Rape and the Holocaust

Recently on Jewniverse we featured information about Dr. Gisella Perl, a gynecologist who provided abortions to women in Auschwitz who would otherwise have been killed. One of the rather obvious implications here is that women were being raped in the camps. Some undoubtedly arrived pregnant, but others did not. Amazingly, there have never been any English studies or academic discussions of rape in the Holocaust until last year.

The United States Holocaust Memorial Museum in Washington, D.C has featured testimonials of rape survivors from the Democratic Republic of Congo and other conflict zones, but until recently they couldn’t feature the same kinds of testimonials from Holocaust survivors—those testimonials just didn’t exist. But a new book takes a look at some of the untold stories of sexual abuse in the Holocaust.

Jewish women were raped and sexually abused by Nazi guards, but also by liberators, people who hid them, aid givers, partisans and even fellow prisoners. Judy Weiszenberg Cohen, an Auschwitz survivor living in Canada, told the editors that the “fear of rape” was omnipresent in the concentration camp.

“The exact number of women who experienced sexual molestation during the Holocaust cannot be determined … and the rapists by and large did not leave documents testifying to their actions,” writes Nomi Levenkron, a human rights attorney in Israel, in an essay in the book.
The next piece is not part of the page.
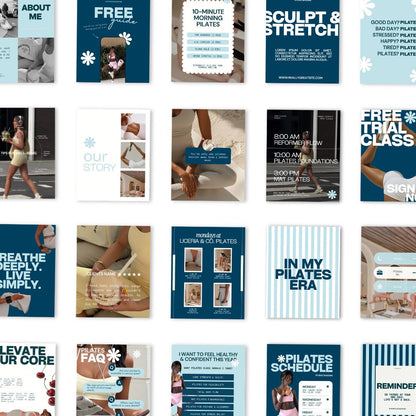 Pilates Instagram Templates - preview 5
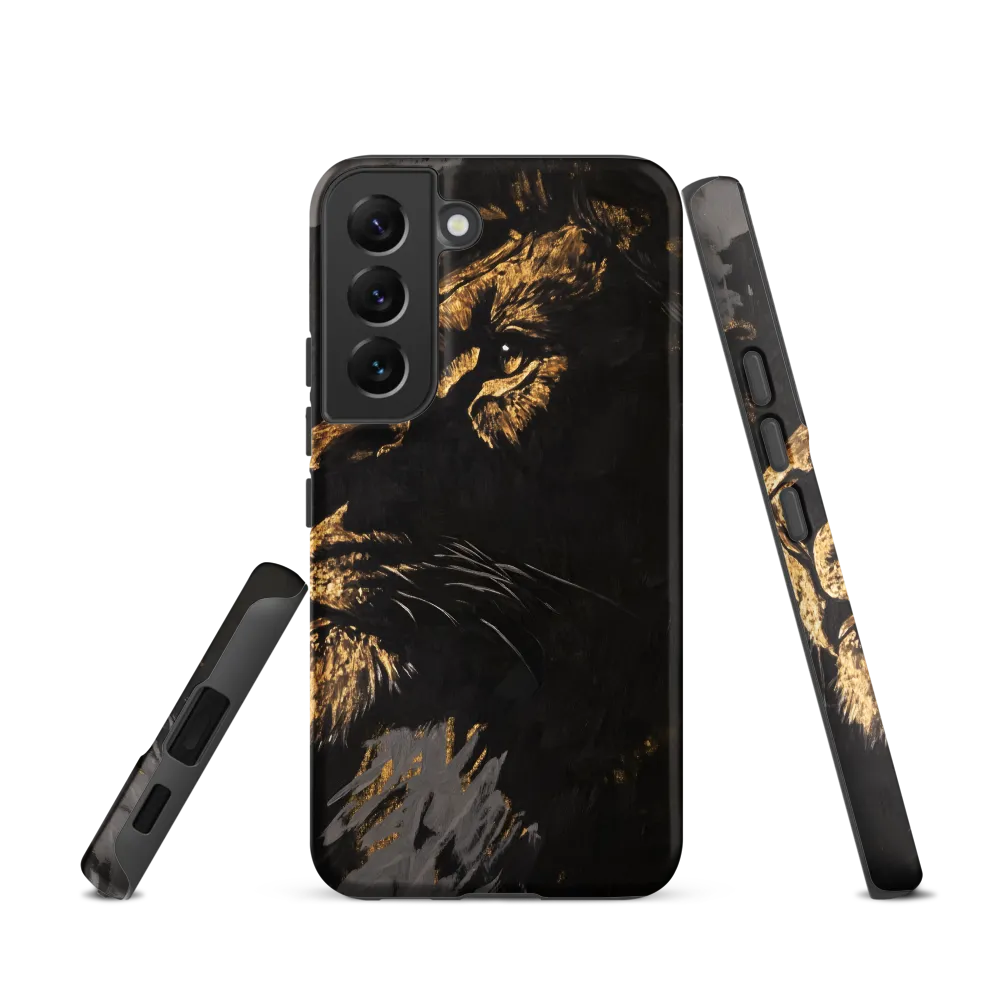 Majestic Gaze: The Golden Lion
Most women who survived preferred silence, she said, fearing that they would be stigmatized in their communities.

“This is about all of our humanity. After I read the manuscript, I became kind of obsessed with it,” said Gloria Steinem, the renowned feminist writer and advocate, who sponsored two events in New York this year to draw attention to the publication. “I thought, ‘It’s 70 years later. Why didn’t we know this?’ For all of the people to whom it happened, to be victimized is one thing–to be shamed, as if it was your fault, is another profound and deep oppression.”

Read more and womensnews.org.

Discover More

Women in Holocaust Literature: Central Themes

Gender and sexuality are motifs for women Holocaust writers.

First Comes Love…Then Comes Rape?

So much of what Rabbi Steven Pruzansky (an Orthodox rabbi in Teaneck, New Jersey, who has a history of making ...

The Holocaust in the Arts & Education

-Tony Judt argues, “We have attached the memory of the Holocaust so firmly to the defense of a single country—Israel—that ...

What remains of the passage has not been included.